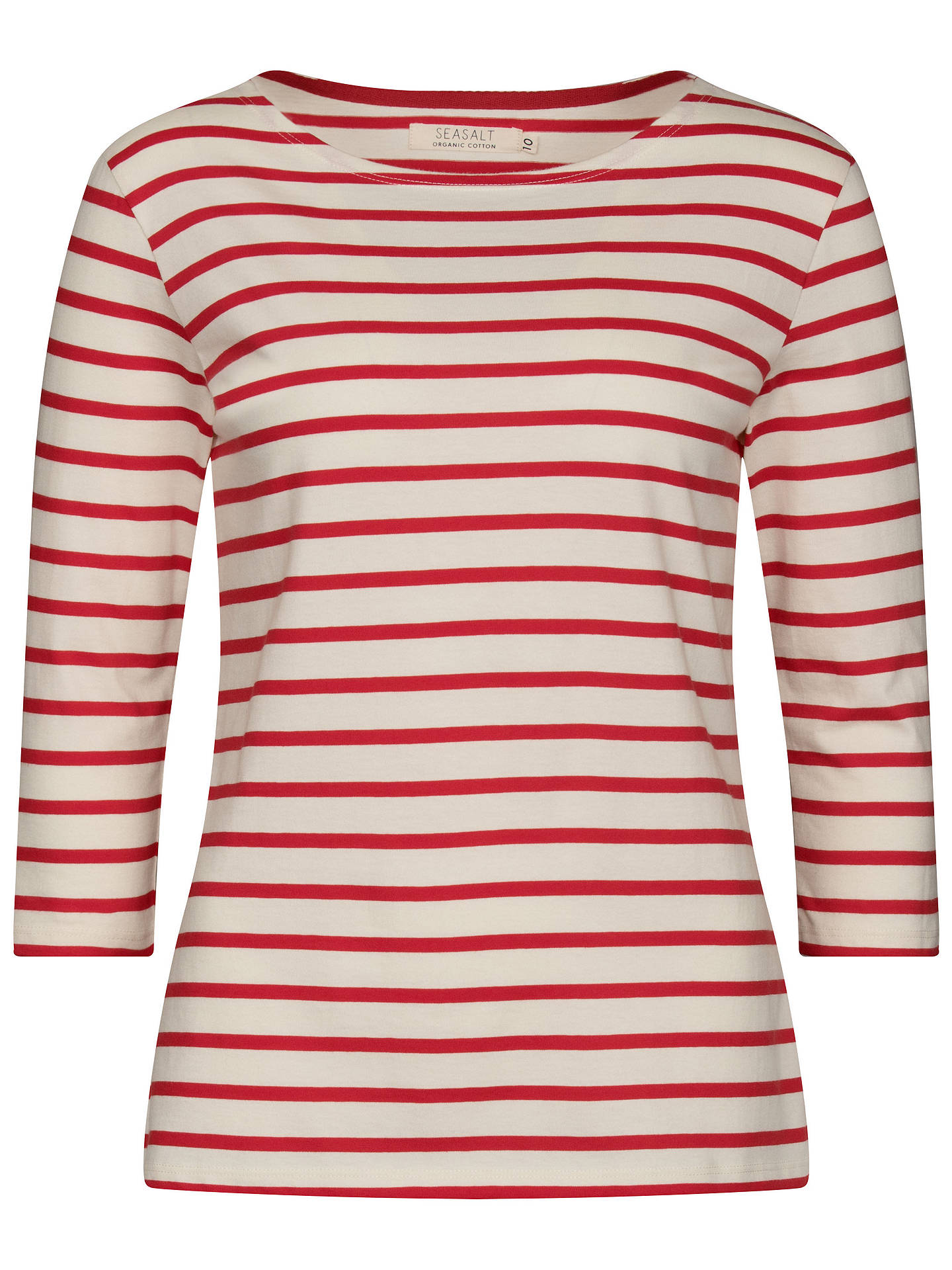 Seasalt Sailor Jersey Top | Breton Ecru Relish at John Lewis & Partners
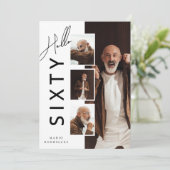 ハローSIXTY モダンフォトコラージュ 60歳の誕生日 招待状 (スタンド正面)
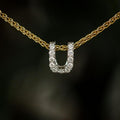 18ct White Gold Diamond "U" Initial Pendant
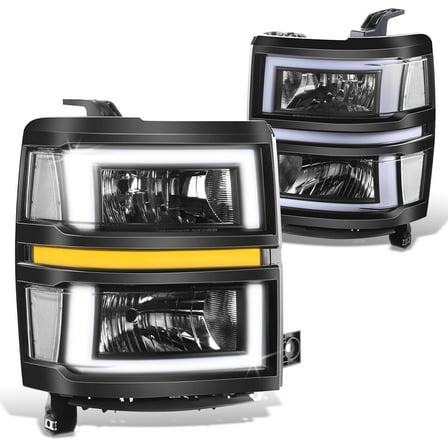 DNA Motoring 3D LED DRL Sequential Headlights for 14-15 Chevy Silverado 1500, Black/Clear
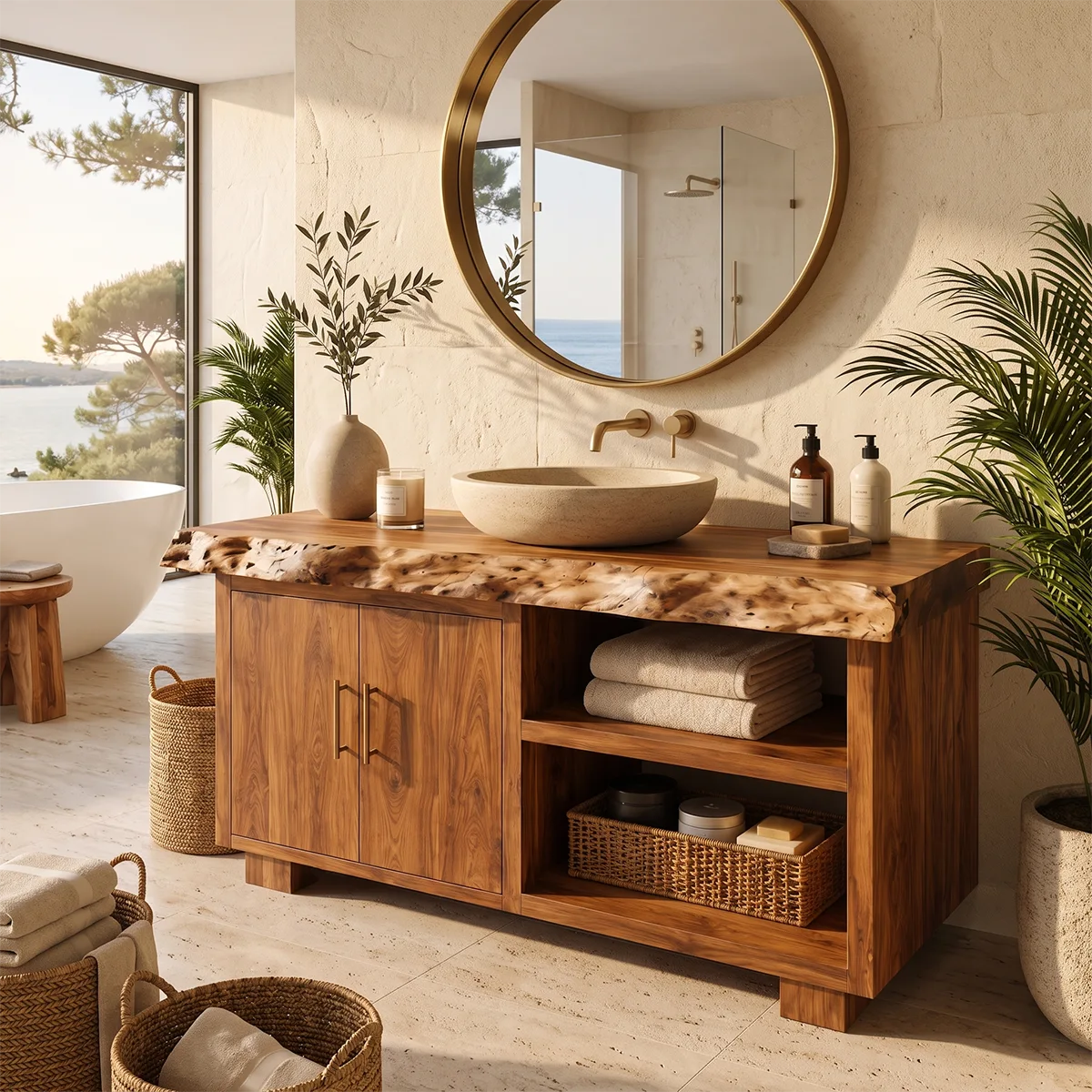 Freestanding Bathroom Vanity with 2 Doors & Open Shelves | Live Edge Vanity Cabinet with Storage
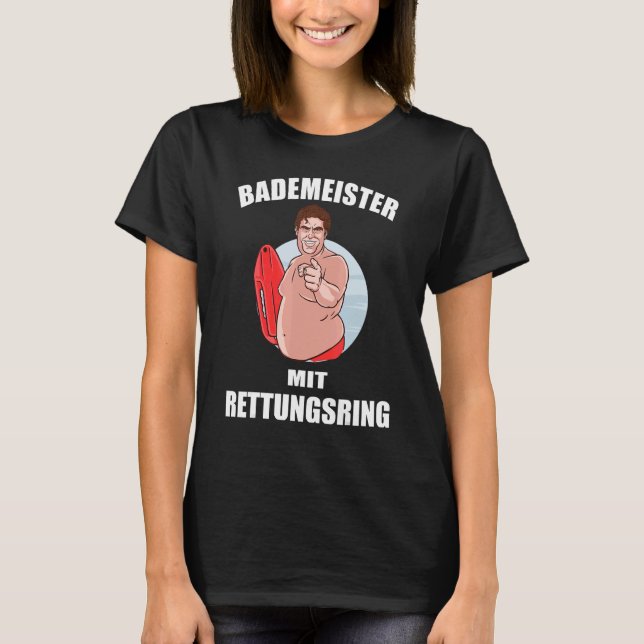 Funny Bath Master With Life Ring I Swimming Pool T-Shirt (Front)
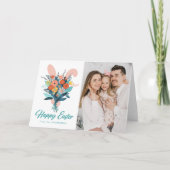 Cartes Pour Fêtes Annuelles Cute Bunny Bouquet Pâques (Devant)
+---+
### What you are asked to do
Reproduce all of the material exactly, apart from the pictures.

### Answer box
 Seasalt Sailor Jersey Top | Breton Ecru Relish at John Lewis & Partners
 ハローSIXTY モダンフォトコラージュ 60歳の誕生日 招待状 (スタンド正面)
 18ct White Gold Diamond "U" Initial Pendant
 DNA Motoring 3D LED DRL Sequential Headlights for 14-15 Chevy Silverado 1500, Black/Clear
 Freestanding Bathroom Vanity with 2 Doors & Open Shelves | Live Edge Vanity Cabinet with Storage
 Funny Bath Master With Life Ring I Swimming Pool T-Shirt (Front)
 Cartes Pour Fêtes Annuelles Cute Bunny Bouquet Pâques (Devant)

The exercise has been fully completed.